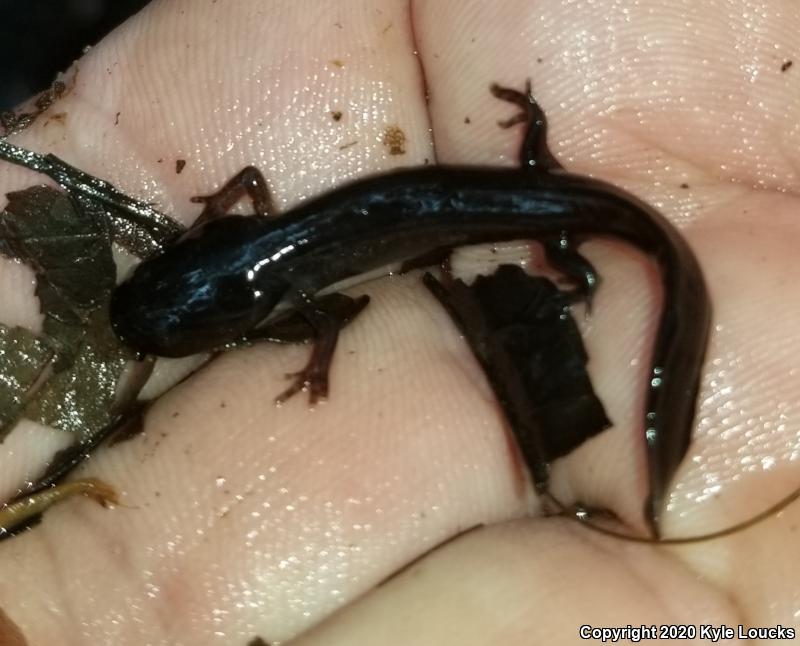 Marbled Salamander (Ambystoma opacum)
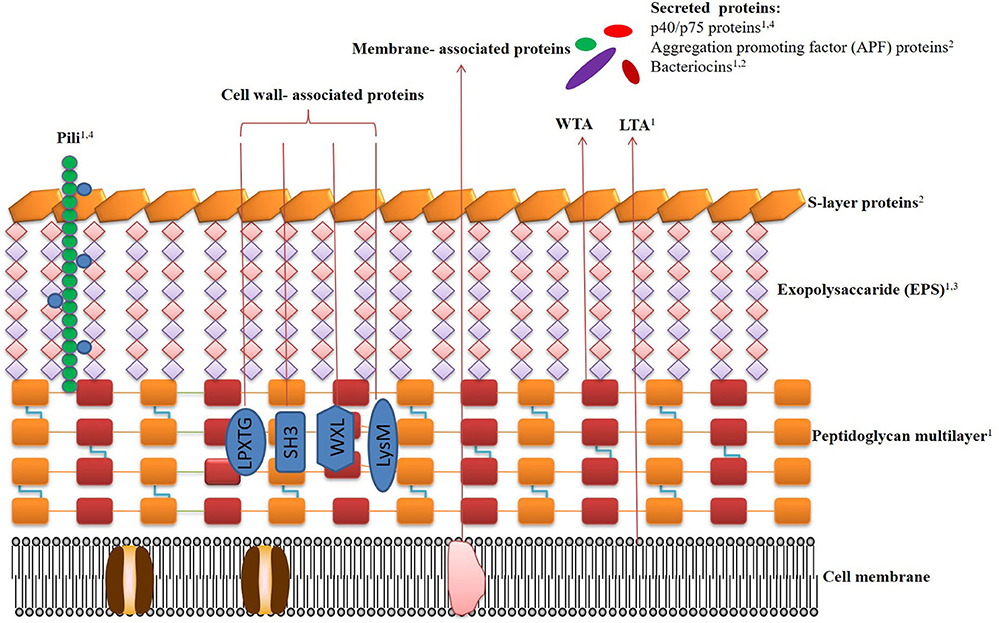 Vitaminok: Probiotic - 10 25 Billion probiotikum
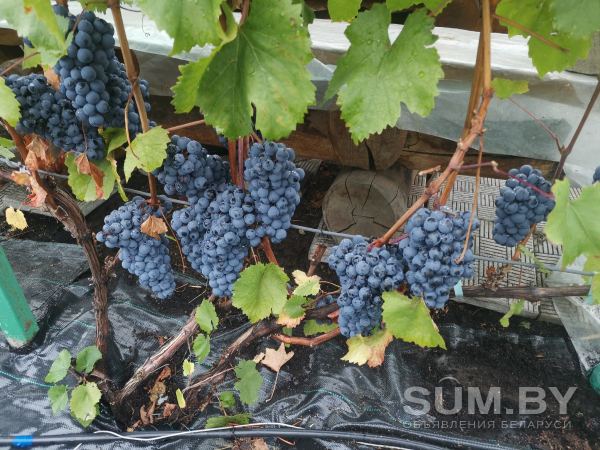 Лоза виноградная объявление Куплю уменьшенное изображение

• • • •

| ASSIGNMENT |
Retype the whole listing word for word. Skip the pictures.

| ANSWER BELOW |
 Marbled Salamander (Ambystoma opacum)
 Vitaminok: Probiotic - 10 25 Billion probiotikum
 Лоза виноградная объявление Куплю уменьшенное изображение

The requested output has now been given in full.